Here's another assumption that shouldn't be made: that IPA was stronger than Pale Ale. I can think of plenty of examples of the opposite. Like at Usher. They had three Pale Ales in their range: PA 60/- at 1060º, PA at 1054º and IPA and 1046º. Sometimes they parti-gyled them together, others they brewed them entire gyle.
What was the difference between Pale Ale and IPA? There's no hard and fast rule. At one brewery the IPA would be stronger, at another the Pale Ale. And the hopping. IPA wasn't necessarily more heavily hopped. At Usher it wasn't. Being parti-gyled with Pale Ale, the hopping rate per quarter was identical. Being lower gravity than Pale Ale and parti-gyled with it, the hopping rate per barrel had to be lower.
That's me about done. Except to draw your attention to the use of black malt. I've never seen black malt in an English Pale Ale in the 19th century. Or the 20th, come to think of it. Maybe all that stuff about roasted barley in Scottish beer isn't the load of bollocks I've always assumed. Something to think about . . .
Kristen time . . . . . .
First Usher’s logs of a lot we’ll be doing. They do things a bit differently but have a lot of similar feel too them. Lots of ingredients and such will be the same throughout so follow along to see the differences.
Grist – Unlike Younger’s, Usher’s uses a good deal of Scottish base malt.

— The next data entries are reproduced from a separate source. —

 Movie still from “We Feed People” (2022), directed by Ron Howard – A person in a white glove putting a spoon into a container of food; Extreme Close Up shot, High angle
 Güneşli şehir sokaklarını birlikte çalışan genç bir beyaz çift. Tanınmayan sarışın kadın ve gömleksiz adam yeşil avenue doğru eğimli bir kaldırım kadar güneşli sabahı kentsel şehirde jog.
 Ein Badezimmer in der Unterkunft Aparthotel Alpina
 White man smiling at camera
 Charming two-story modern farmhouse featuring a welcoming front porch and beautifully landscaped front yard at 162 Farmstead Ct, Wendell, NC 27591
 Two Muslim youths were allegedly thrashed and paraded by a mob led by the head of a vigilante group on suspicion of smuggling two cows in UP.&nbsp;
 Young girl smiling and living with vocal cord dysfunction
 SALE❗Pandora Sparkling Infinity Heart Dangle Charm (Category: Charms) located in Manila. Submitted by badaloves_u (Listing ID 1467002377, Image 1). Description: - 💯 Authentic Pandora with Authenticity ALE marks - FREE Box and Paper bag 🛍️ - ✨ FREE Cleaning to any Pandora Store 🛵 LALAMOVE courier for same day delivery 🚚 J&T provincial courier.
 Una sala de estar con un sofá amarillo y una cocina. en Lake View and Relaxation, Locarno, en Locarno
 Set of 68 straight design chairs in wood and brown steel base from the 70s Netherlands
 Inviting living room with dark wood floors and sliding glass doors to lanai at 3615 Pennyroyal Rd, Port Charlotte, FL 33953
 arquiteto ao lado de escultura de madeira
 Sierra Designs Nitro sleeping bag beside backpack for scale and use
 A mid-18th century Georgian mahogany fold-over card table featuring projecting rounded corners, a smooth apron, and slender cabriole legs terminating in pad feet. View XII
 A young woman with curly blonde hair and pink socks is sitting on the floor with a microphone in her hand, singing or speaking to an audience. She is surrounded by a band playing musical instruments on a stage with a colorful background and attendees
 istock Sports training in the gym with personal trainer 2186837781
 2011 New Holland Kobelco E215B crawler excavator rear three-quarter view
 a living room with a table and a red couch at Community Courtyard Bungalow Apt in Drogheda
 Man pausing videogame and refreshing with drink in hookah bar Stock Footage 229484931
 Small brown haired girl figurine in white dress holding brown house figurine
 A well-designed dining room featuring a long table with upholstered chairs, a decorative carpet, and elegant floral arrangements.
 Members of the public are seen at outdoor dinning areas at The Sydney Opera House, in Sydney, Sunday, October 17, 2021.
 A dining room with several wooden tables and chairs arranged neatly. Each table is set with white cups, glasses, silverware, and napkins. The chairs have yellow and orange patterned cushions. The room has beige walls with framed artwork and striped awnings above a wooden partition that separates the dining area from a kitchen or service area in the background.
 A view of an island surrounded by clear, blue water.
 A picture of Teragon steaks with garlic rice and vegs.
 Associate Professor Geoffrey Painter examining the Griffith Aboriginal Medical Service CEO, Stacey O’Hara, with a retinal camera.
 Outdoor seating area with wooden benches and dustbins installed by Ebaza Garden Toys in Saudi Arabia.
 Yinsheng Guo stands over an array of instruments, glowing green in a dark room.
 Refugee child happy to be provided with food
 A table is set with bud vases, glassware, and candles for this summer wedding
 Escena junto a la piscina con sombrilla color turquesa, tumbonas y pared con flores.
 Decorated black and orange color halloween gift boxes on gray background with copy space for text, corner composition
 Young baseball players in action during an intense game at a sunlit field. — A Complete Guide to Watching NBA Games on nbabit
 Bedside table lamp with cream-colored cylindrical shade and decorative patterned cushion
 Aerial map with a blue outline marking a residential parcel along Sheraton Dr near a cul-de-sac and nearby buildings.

If you have access to anything Scottish other than Golden Promise give that a shot. If not, use Golden Promise. It’s a great malt. You’ll notice the black malt. Yes, you are correct! However, don’t you go throwing that in the mash. No sir! That goes directly in the boil kettle! Yes, I said that correctly. Right in the boil kettle. I find that if I micronize it (aka stick it into a coffee mill and destroy it) I get much better extraction, flavor and it drops like a rock in the hot break and subsequent whirlpool. Also, if you remember, Barclay Perkins did the same for a lot of their stouts. I’ve received numerous emails with numerous theories of why this is a bad idea. None of them make scientific sense. Give it a shot, you won’t be sorry.
Hops – Lots of really cool stuff here in these Ushers logs. Specifically, American and French hops, specifically Alsace. Here’s the rub. During the late 1880’s, Alsace were probably the cheapest hops you could buy on the English market and were also thought to be the lowest class. Google eBooks. House of Commons. 1890. Vol 13. Lots of great stuff about the cost and quality of hops. Saaz, Spalt and EKG were the thought to be the best quality and got the highest price. Continuing…Happy Cluster hops give a really nice deep bitterness that hangs on and the late addition of the Hallertauer-esque hops really add to the huge hop flavor of this beer. I was out of Hallertauer but used some Strisselspalter from, yep, you guessed it, Alsace itself. Never used them before and at 1.8% there really wasn’t much to them. Definite Hallertauer-y.
Yeast – Lets start off with two yeasts very easy to use. Nottingham or Fullers. I prefer the fruit of the latter for IPAs but its your choice.